Call it the underdog syndrome, but I can’t help but look at the other side of every argument… and sympathize with the loser. When the Republicans were in power, I couldn’t help but agree with the Democratic viewpoint. Now that the Democrats are in power, I can’t help but examine the arguments of the other guys. I can’t say that I’ll ever be aligning myself with the Religious Right – frankly, I think they’re insane. But upon closer examination, I have to give some merit to some of their thinking.
Part of the blame goes to Ayn Rand – whose philosophy I could never subscribe to, but who’s opinions are interesting. I make it a point in the summer to include on my reading list material I do not agree with. Her sizeable novel , Atlas Shrugged, finally made it onto my list this year. A small sampling of her viewpoint is that man’s noblest goals are found in producing, and that our worst evil is found in taking (or supplying) that which is unearned. She believes in unbridled capitalism, and in her book, illustrates causation between regulation and forced social justice and the downfall of her (somewhat) fictional society. The polar opposite of her beliefs is a kind of industrial communism, and every bad guy in her books is educated, soft, produces nothing, and instead manipulates the system to steal from the producing rich to give to the undeserving poor.
The essence of the Republican viewpoint on taxation and social justice, taken to the extreme in Rand’s writing, is that to enforce restriction and taxation on the job-producing, market-creating rich is to erode a civilization’s ability to be self-sustaining. But to be fair to the opposition, Rand’s philosophy leaves no room for evil outside of “looting” – she does not acknowledge greed or avarice on the part of the wealthy, painting them only as completely noble for their efforts. Her self-created religion does not allow for the fallen nature of man… But neither does the Democrat’s.
The part that starts to make sense to me is the opposition to social justice as a new form of religion. That large companies these days generally have an altruistic arm, that political platforms are built on a regulated social justice policy, does seem to take from the individual the personal decision to act within their own means both for the provision of themselves and their families and the ability to choose to help others out of a greater moral compunction than a party or company activity.
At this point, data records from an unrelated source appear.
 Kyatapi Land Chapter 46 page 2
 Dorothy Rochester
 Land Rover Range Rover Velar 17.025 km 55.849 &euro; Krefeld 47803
If giving to the poor is a function of paying our taxes, than why would we personally feel challenged to act outside of the systems put in place by organizational decision?
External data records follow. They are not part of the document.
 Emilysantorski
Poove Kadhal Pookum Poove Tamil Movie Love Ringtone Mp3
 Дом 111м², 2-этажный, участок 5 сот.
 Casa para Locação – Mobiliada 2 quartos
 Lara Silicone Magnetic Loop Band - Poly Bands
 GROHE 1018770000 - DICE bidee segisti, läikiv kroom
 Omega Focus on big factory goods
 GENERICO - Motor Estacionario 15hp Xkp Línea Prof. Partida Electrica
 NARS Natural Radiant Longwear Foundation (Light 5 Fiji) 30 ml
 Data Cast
In short, I think lately I’m putting new emphasis on the value of paying one’s own way – recognizing that in my own life, were I to stop working, I believe I might stop existing… and that indeed in the examples I’ve seen of those who do not work, and live with a sense of un-earned entitlement and damaged self-worth as a result, that there may be something to the notion that personal accountability cannot be forfeited in the face of the social justice movement. But I’ll couple that with the notion that there is a place for compassion and grace, and lending a hand to another human being in need, whether he deserves it or not – but it’s not the place of government or company side-effort, rather it should be a personal activity, within the context of relationship: sacrifice for others, not because it’s socially or politically encouraged, but out of an overflow of Christ-like love for our fellow, fallen brothers and sisters.